Others hope to further their goal of transforming mainstream conservatism, pulling it even further in the direction of exclusion, expulsion and a drastically constricted sense of who is rightfully part of the nation–who is the “We.”
As I discussed earlier, white nationalists are increasing their recruitment and radicalization efforts in online spaces, and spreading antisemitic conspiracy theories. They’re helping organize anti-lockdown protests across the country, and showing up, alongside adjacent movements like the Patriot and militia movements.
Much like Trump rallies, they see these anti-lockdown protests as prime spaces to win new recruits and spread their messaging.
Right-wing leaders like President Trump, meanwhile, are staring down a mounting groundswell of popular unrest, as we’re entering the worst economic collapse since the Great Depression. They know that millions of people facing widespread immiseration will be looking for someone to blame, and they’re eager to provide scapegoats, in order to distract blame from themselves.
They’re doubling down on anti-China scapegoating, spreading racist rhetoric, like ‘Chinese coronavirus’ or ‘Wuhan flu’, to scapegoat China as a ‘backwards’ primitive country, and a menacing, powerful rival, uniquely responsible for the spread of coronavirus around the world.
Across the country, mounting anti-China rhetoric has driven a spike in harassment and physical attack against Asian American-Pacific Islander communities. Since its launch on March 19, the Stop AAPI Hate Reporting Center has received almost 1500 reports of verbal harassment, shunning and physical assault from Asian Americans.
Right wing leaders also are using the crisis to bolster the scapegoating of immigrants, the closing of borders and a broader America First nationalist agenda. Channeling fascist impulses, Trump places himself above science and expertise, deploying motifs of the cult of a leader and the myth of national greatness- a greatness that has supposedly been ‘compromised’ by internationalism and liberalism.

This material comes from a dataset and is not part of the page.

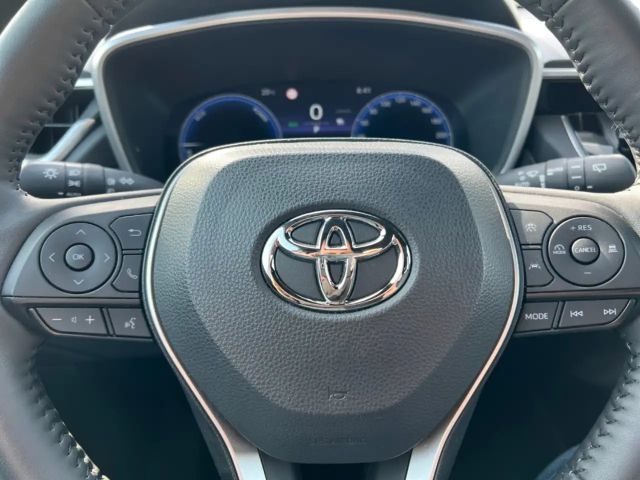 Toyota Corolla Cross Hybride Team D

As things get worse, the Right will also need an image of the ‘elites’ to blame. They will need to point the finger at a caricature of a powerful, subversive internal enemy who is responsible, from behind the scenes, for what went wrong. Otherwise, who else are people going to blame for what went wrong at the top- Trump?!?
This is where antisemitism comes in. We’re already seeing Tucker Carlson, Trump and other right-wing leaders scapegoat ‘globalists’ for the mounting public health crisis, and economic fallout, brought on by COVID.

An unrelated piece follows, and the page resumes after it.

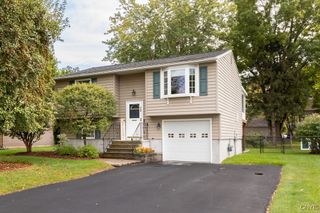 116 Baltic Drive, Salina, NY 13090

We know this is how antisemitism functions- getting people to blame a familiar stereotype of a shadowy, powerful elite conspiracy operating behind the scenes, in order to deflect blame from the failed systems, policies and leaders responsible for widespread suffering.

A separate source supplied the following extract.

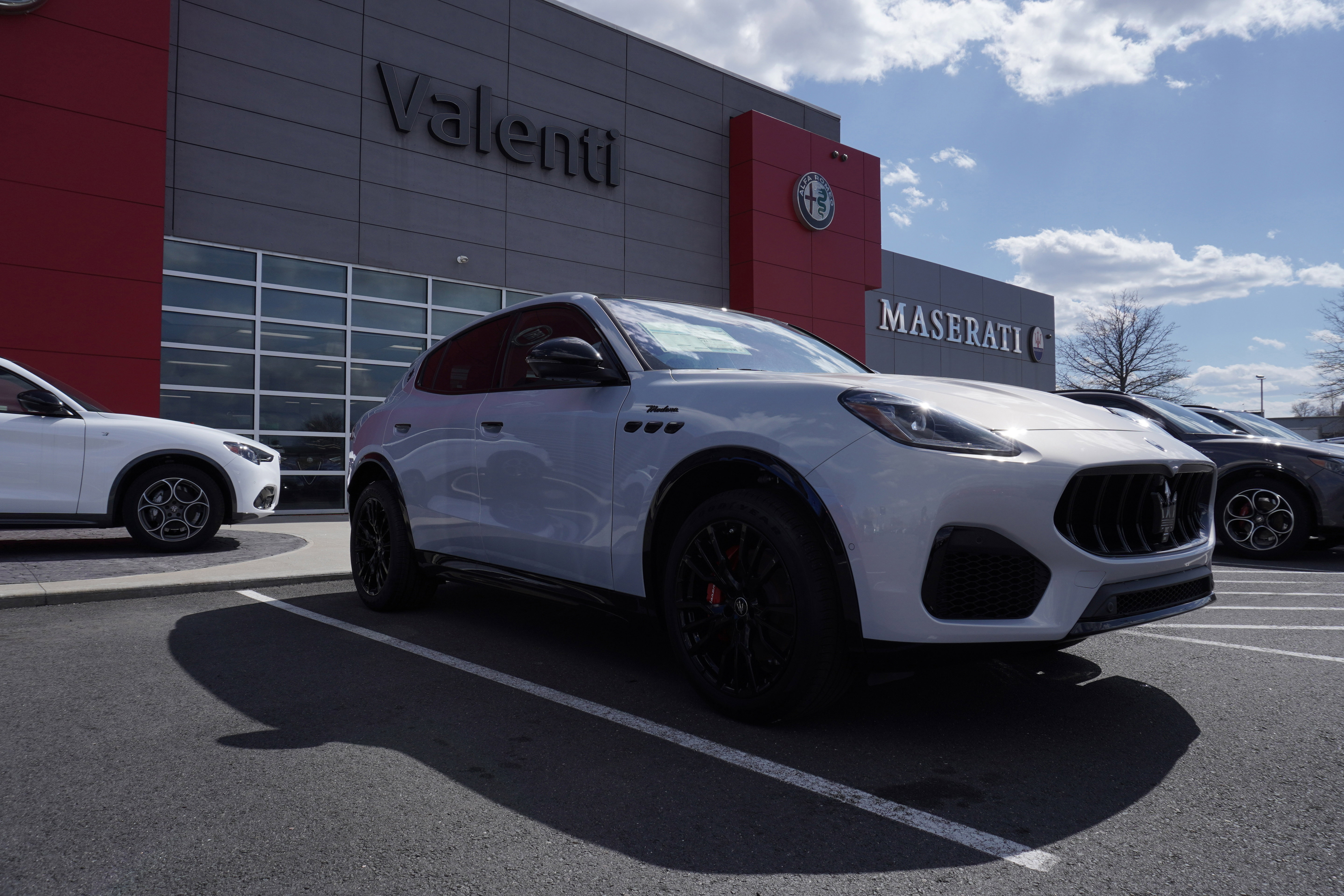 New 2025 Maserati Grecale Modena image 1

As many others have said, we can’t hope to block the rising climate of bigotry and intolerance by wishing for a return to ‘normal’. We’re living through a moment of profound transformation. The center cannot hold, and a political realignment is inevitable.
An influential right-wing economist named Milton Friedman once said that “only a crisis produces real change. When that crisis occurs, the actions that are taken depend on the ideas that are lying around.”
It’s up to us to use this coronavirus crisis to advance our powerful, transformative vision of a better and more just world, a multiracial democracy where everyone can thrive. For the radical right, too, has their own ideas lying around.